Work request
Make an exact copy of the whole listing, but leave its pictures out.
Given material Start Marker
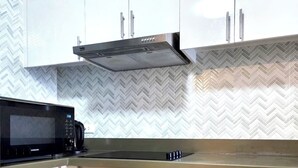 A modern kitchen with white cabinets, a built-in microwave, and a stainless steel range hood.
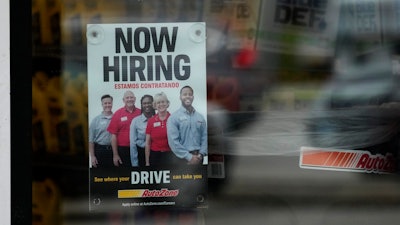 A hiring sign is displayed at a retail store in Buffalo Grove, Ill., Wednesday, Nov. 6, 2024.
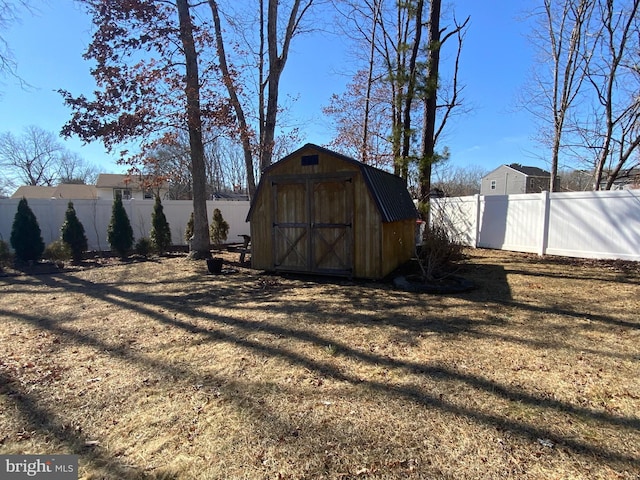 view of shed with a fenced backyard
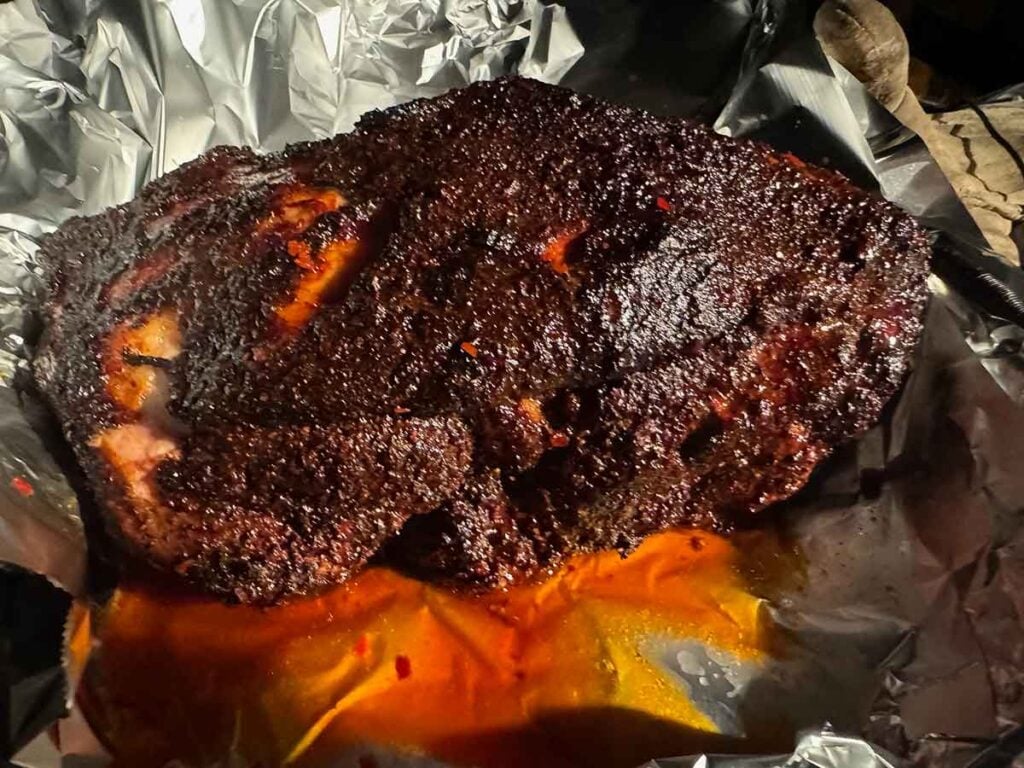 Smoked pork butt resting in opened foil, showing dark bark during the wrapping stage of the cook.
Given material End Marker
Exercise output
 A modern kitchen with white cabinets, a built-in microwave, and a stainless steel range hood.
 A hiring sign is displayed at a retail store in Buffalo Grove, Ill., Wednesday, Nov. 6, 2024.
 view of shed with a fenced backyard
 Smoked pork butt resting in opened foil, showing dark bark during the wrapping stage of the cook.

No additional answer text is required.